Masih penuturan dari Komnas perwakilan Sulteng, jika dalam aktifitas penambangan tersebut dilakukan hingga masuk ke dalam kawasan Hutan Lindung misalnya, jangan dikira itu bukan sesuatu yang tidak disengaja atau sesuatu yang tidak direncanakan, karena ketidak tahuan hingga dimana batas masuk hutan lindung mana belum masuk hutan lindung, itu sesuatu yang disengaja, nanti kalau ada pihak yang melapor misalnya, semua nampak serius diproses, namun disisi lain hal tersebut dijadikan preseden dan yang terjadi selanjutnya adalah pengajuan revisi batas kawasan, atau usulan penciutan hutan lindung.
Hutan Tahura Kapopo misalnya kata Dedi, bisa cek ke lapangan luasnya yang tersisa sekarang dari luas ratusan hektar sebelumnya, sekarang ini, luas tahura tinggal lima hektar, jika tinggal lima hektar, ngapain buat kelembagaan atau satker sendiri hanya mengurus areal yang luasnya tinggal lima hektar, cukup melekat menjadi satu sub seksi di BKSDA atau kehutanan, berapa kerugian negara disana.
Lebih parah lagi di Bangkiriang jelas jenis hutan yang dibabat dan dirambah dan dirubah menjadi areal perkebunan sawit, ini nyata, kawasan tersebut adalah suaka margasatwa Bangkiriang, itu areal itu sebagaimana surat penetapannya sepertinya masi tetap sebagai suaka margasatwa Bangkiriang.
”Tapi coba cek di lapangan, itu semua sudah menjadi areal kebun sawit, perusahaan mana yang terlibat di situ, semua jelas, namun ketika dipersoalkan, yang ditetapkan menjadi tersangka oleh APH adalah masyarakat yang mempersoalkan areal tersebut yang melakukan perambahan dan pembabatan hutan kedalam kawasan suaka margasatwa itulah pada akhirnya menjalani proses hukum hingga ke Peradilan, bukan pihak yang melakukan kejahatan lingkungan itu yang diproses atau jalani proses hukum namun pihak lain yang mempersoalkan pelaku perambahan dan pembabatan hutan itu justru ditersangkakan,” kata Dedi.
Begitu pula sesungguhnya yang terjadi di Lobu dan Lambunu sekarang ini.
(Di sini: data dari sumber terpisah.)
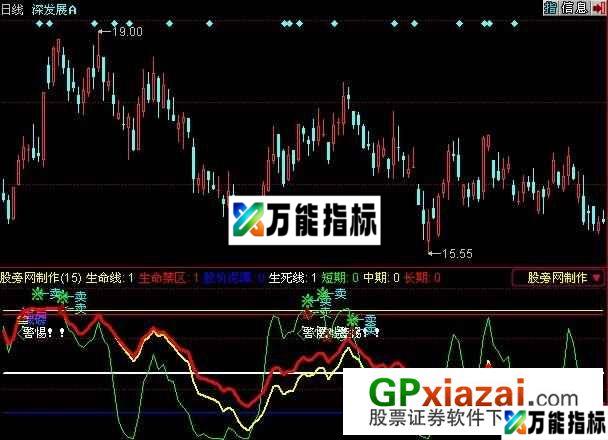 大机构股市黄金线指标 (源码) EA-万能指标公式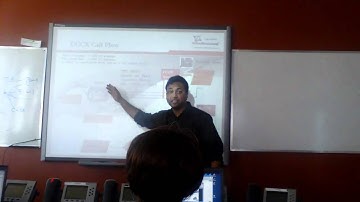 VoiceBootcamp Lecture on UCCX Integration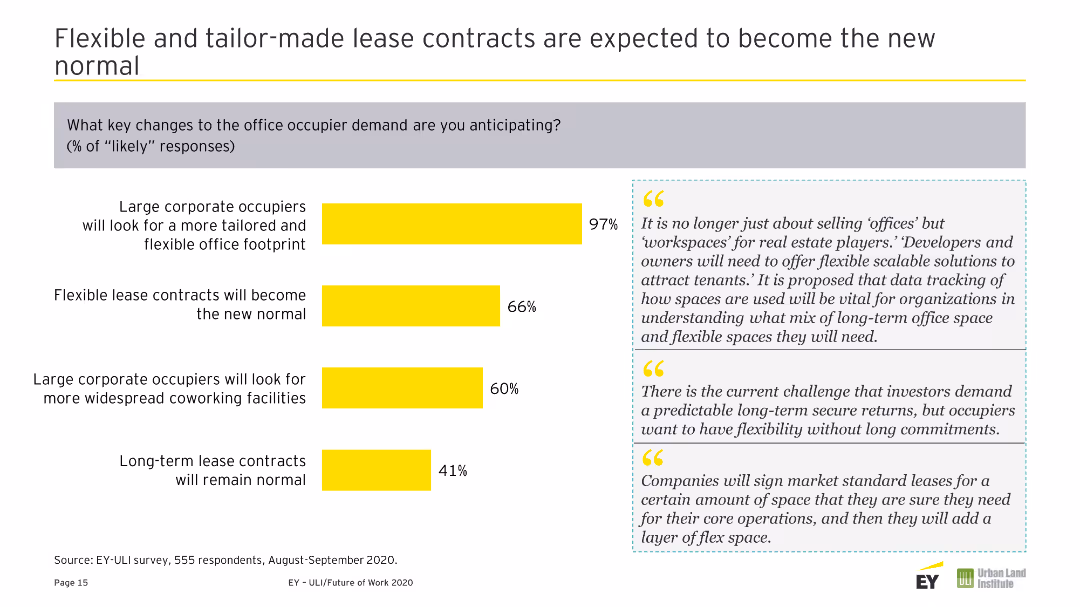 Future of Work A global real estate player’s point of view on the Future of Work and its impact on real estate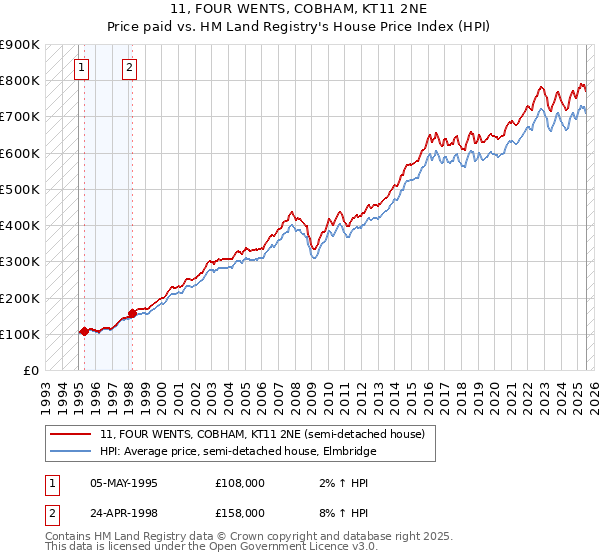 11, FOUR WENTS, COBHAM, KT11 2NE: Price paid vs HM Land Registry's House Price Index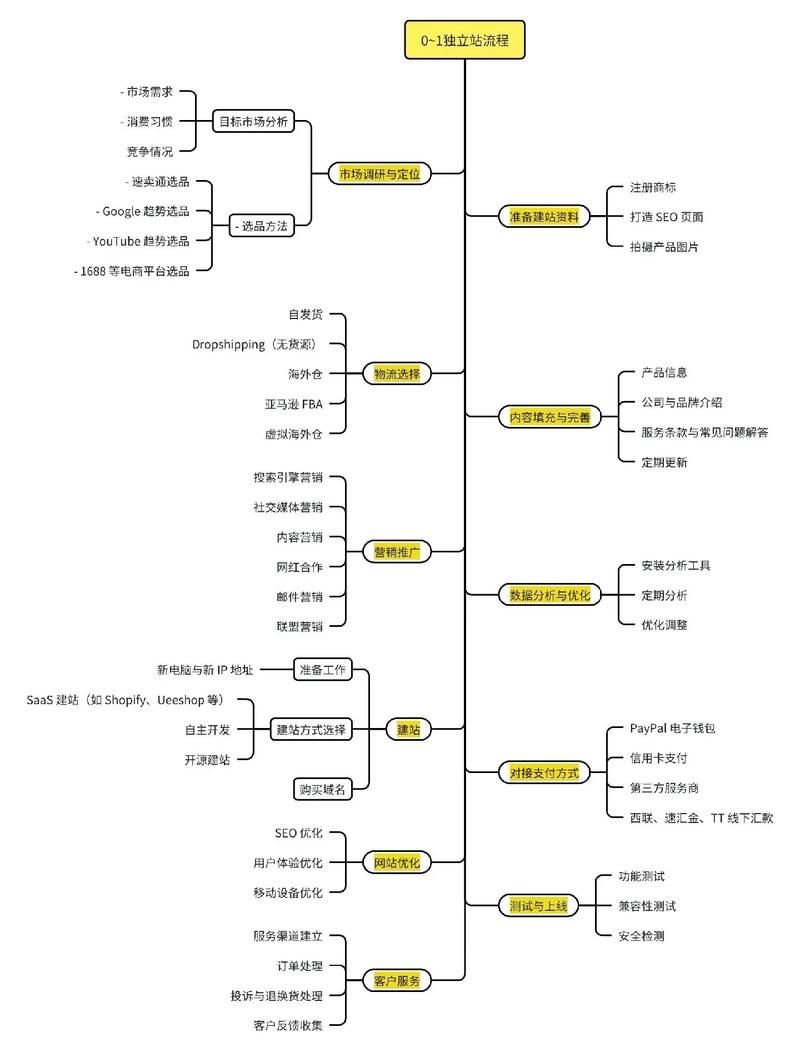 如何选取一个利于seo优化的建站系统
Pertanyaannya kemudian masuk akal tidak bahwa PETI di dua titik tersebut baru diketahui saat pendemo itu datang? Ini sangat erat kaitannya dengan struktur kelembagaan dari institusi yang ada hingga level Desa/Kelurahan selain kelembagaan yang berada di tubuh Militer (Tentara, dalam hal ini babinsa) itu siapa? Jika demikian, kira-kira alasan baru mengetahui saat ada demo soal PETI tersebut?
Hal diatas dengan sendirinya sesungguhnya terjawab dari narasi-narasi pemberitaan yang disampaikan oleh para pejabat dari Institusi yang masuk pengelompokan APH, saat menyampaikan sudah melakukan pengecekan di lapangan, dinarasikan benar ada bekas aktifitas penambangan, namun semua tinggal bekasnya, termasuk kubangan dan alat berat yang rusak, namun pihak-pihak yang lakukan penambangan sudah tidak ada (areal sebagaimana yang diberitakan sudah kosong).
”Ya iyalah pasti yang tersisa bekas penambangan, areal pasti kosong karena sebelum turun, itu sudah ada penyampaian anggota yang menjabat pada struktur kelembagaan yang keberadaannya hingga di Desa/Kelurahan sebagaimana yang saya jelaskan diatas,” demikian tegas Dedi Askary. (lib)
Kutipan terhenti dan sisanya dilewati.